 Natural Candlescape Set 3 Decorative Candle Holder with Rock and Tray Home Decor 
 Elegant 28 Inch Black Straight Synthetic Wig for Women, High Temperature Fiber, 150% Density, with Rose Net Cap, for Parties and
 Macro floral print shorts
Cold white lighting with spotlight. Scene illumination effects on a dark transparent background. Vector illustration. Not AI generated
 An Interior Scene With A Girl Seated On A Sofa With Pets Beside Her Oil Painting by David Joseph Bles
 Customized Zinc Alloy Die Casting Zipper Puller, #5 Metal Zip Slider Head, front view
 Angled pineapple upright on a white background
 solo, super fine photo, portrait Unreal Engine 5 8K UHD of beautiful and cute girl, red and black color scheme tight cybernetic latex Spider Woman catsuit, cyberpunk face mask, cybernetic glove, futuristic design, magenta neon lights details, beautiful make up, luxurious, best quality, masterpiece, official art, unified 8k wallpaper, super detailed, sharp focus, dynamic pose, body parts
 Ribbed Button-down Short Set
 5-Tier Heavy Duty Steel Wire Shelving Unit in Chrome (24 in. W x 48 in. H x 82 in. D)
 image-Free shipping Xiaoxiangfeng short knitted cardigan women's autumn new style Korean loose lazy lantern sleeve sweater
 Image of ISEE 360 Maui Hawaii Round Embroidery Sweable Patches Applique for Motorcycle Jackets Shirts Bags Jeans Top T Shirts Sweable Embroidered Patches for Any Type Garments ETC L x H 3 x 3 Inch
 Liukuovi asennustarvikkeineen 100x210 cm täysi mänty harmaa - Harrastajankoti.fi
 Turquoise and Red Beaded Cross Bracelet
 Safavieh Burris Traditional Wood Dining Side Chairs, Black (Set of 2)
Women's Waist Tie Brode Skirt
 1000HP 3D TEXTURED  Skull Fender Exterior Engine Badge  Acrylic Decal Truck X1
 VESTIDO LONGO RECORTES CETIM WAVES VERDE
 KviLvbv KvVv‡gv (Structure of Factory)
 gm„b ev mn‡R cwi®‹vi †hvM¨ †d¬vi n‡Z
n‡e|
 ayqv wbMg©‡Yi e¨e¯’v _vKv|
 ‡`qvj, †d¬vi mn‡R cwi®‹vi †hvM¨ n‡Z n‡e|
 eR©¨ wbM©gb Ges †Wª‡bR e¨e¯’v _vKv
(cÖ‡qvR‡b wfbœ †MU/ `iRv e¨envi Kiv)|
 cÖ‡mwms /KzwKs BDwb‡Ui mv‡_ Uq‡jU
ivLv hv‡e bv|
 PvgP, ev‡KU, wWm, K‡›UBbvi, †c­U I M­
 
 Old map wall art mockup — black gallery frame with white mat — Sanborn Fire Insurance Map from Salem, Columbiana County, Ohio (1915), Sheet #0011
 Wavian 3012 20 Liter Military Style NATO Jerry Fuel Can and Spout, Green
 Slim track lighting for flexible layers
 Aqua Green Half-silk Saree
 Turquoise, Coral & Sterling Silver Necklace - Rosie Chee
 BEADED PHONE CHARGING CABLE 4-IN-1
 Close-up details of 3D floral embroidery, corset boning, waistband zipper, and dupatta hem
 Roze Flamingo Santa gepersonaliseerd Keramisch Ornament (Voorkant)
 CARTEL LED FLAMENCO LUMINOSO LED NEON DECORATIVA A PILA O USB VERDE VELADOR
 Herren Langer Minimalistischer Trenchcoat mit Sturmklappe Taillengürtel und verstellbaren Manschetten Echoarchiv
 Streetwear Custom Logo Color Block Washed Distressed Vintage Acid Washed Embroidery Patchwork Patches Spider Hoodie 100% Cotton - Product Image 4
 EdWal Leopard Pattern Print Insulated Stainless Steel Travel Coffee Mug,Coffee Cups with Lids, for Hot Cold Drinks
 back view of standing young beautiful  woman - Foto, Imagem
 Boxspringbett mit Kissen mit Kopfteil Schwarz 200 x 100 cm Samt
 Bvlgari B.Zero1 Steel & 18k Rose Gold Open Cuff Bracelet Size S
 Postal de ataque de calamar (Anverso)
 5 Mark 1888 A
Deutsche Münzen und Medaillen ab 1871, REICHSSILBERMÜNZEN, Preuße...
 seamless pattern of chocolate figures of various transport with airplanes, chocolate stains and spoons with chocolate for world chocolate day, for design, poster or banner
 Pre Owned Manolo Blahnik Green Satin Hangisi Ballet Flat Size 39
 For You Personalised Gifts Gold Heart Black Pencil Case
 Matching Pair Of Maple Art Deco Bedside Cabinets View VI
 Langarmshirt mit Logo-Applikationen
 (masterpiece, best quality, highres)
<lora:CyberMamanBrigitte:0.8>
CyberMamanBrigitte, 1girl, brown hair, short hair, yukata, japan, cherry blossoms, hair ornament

·····

Return the records given above in their entirety, word for word.

 Natural Candlescape Set 3 Decorative Candle Holder with Rock and Tray Home Decor 
 Elegant 28 Inch Black Straight Synthetic Wig for Women, High Temperature Fiber, 150% Density, with Rose Net Cap, for Parties and
 Macro floral print shorts
Cold white lighting with spotlight. Scene illumination effects on a dark transparent background. Vector illustration. Not AI generated
 An Interior Scene With A Girl Seated On A Sofa With Pets Beside Her Oil Painting by David Joseph Bles
 Customized Zinc Alloy Die Casting Zipper Puller, #5 Metal Zip Slider Head, front view
 Angled pineapple upright on a white background
 solo, super fine photo, portrait Unreal Engine 5 8K UHD of beautiful and cute girl, red and black color scheme tight cybernetic latex Spider Woman catsuit, cyberpunk face mask, cybernetic glove, futuristic design, magenta neon lights details, beautiful make up, luxurious, best quality, masterpiece, official art, unified 8k wallpaper, super detailed, sharp focus, dynamic pose, body parts
 Ribbed Button-down Short Set
 5-Tier Heavy Duty Steel Wire Shelving Unit in Chrome (24 in. W x 48 in. H x 82 in. D)
 image-Free shipping Xiaoxiangfeng short knitted cardigan women's autumn new style Korean loose lazy lantern sleeve sweater
 Image of ISEE 360 Maui Hawaii Round Embroidery Sweable Patches Applique for Motorcycle Jackets Shirts Bags Jeans Top T Shirts Sweable Embroidered Patches for Any Type Garments ETC L x H 3 x 3 Inch
 Liukuovi asennustarvikkeineen 100x210 cm täysi mänty harmaa - Harrastajankoti.fi
 Turquoise and Red Beaded Cross Bracelet
 Safavieh Burris Traditional Wood Dining Side Chairs, Black (Set of 2)
Women's Waist Tie Brode Skirt
 1000HP 3D TEXTURED  Skull Fender Exterior Engine Badge  Acrylic Decal Truck X1
 VESTIDO LONGO RECORTES CETIM WAVES VERDE
 KviLvbv KvVv‡gv (Structure of Factory)
 gm„b ev mn‡R cwi®‹vi †hvM¨ †d¬vi n‡Z
n‡e|
 ayqv wbMg©‡Yi e¨e¯’v _vKv|
 ‡`qvj, †d¬vi mn‡R cwi®‹vi †hvM¨ n‡Z n‡e|
 eR©¨ wbM©gb Ges †Wª‡bR e¨e¯’v _vKv
(cÖ‡qvR‡b wfbœ †MU/ `iRv e¨envi Kiv)|
 cÖ‡mwms /KzwKs BDwb‡Ui mv‡_ Uq‡jU
ivLv hv‡e bv|
 PvgP, ev‡KU, wWm, K‡›UBbvi, †c­U I M­
 
 Old map wall art mockup — black gallery frame with white mat — Sanborn Fire Insurance Map from Salem, Columbiana County, Ohio (1915), Sheet #0011
 Wavian 3012 20 Liter Military Style NATO Jerry Fuel Can and Spout, Green
 Slim track lighting for flexible layers
 Aqua Green Half-silk Saree
 Turquoise, Coral & Sterling Silver Necklace - Rosie Chee
 BEADED PHONE CHARGING CABLE 4-IN-1
 Close-up details of 3D floral embroidery, corset boning, waistband zipper, and dupatta hem
 Roze Flamingo Santa gepersonaliseerd Keramisch Ornament (Voorkant)
 CARTEL LED FLAMENCO LUMINOSO LED NEON DECORATIVA A PILA O USB VERDE VELADOR
 Herren Langer Minimalistischer Trenchcoat mit Sturmklappe Taillengürtel und verstellbaren Manschetten Echoarchiv
 Streetwear Custom Logo Color Block Washed Distressed Vintage Acid Washed Embroidery Patchwork Patches Spider Hoodie 100% Cotton - Product Image 4
 EdWal Leopard Pattern Print Insulated Stainless Steel Travel Coffee Mug,Coffee Cups with Lids, for Hot Cold Drinks
 back view of standing young beautiful  woman - Foto, Imagem
 Boxspringbett mit Kissen mit Kopfteil Schwarz 200 x 100 cm Samt
 Bvlgari B.Zero1 Steel & 18k Rose Gold Open Cuff Bracelet Size S
 Postal de ataque de calamar (Anverso)
 5 Mark 1888 A
Deutsche Münzen und Medaillen ab 1871, REICHSSILBERMÜNZEN, Preuße...
 seamless pattern of chocolate figures of various transport with airplanes, chocolate stains and spoons with chocolate for world chocolate day, for design, poster or banner
 Pre Owned Manolo Blahnik Green Satin Hangisi Ballet Flat Size 39
 For You Personalised Gifts Gold Heart Black Pencil Case
 Matching Pair Of Maple Art Deco Bedside Cabinets View VI
 Langarmshirt mit Logo-Applikationen
 (masterpiece, best quality, highres)
<lora:CyberMamanBrigitte:0.8>
CyberMamanBrigitte, 1girl, brown hair, short hair, yukata, japan, cherry blossoms, hair ornament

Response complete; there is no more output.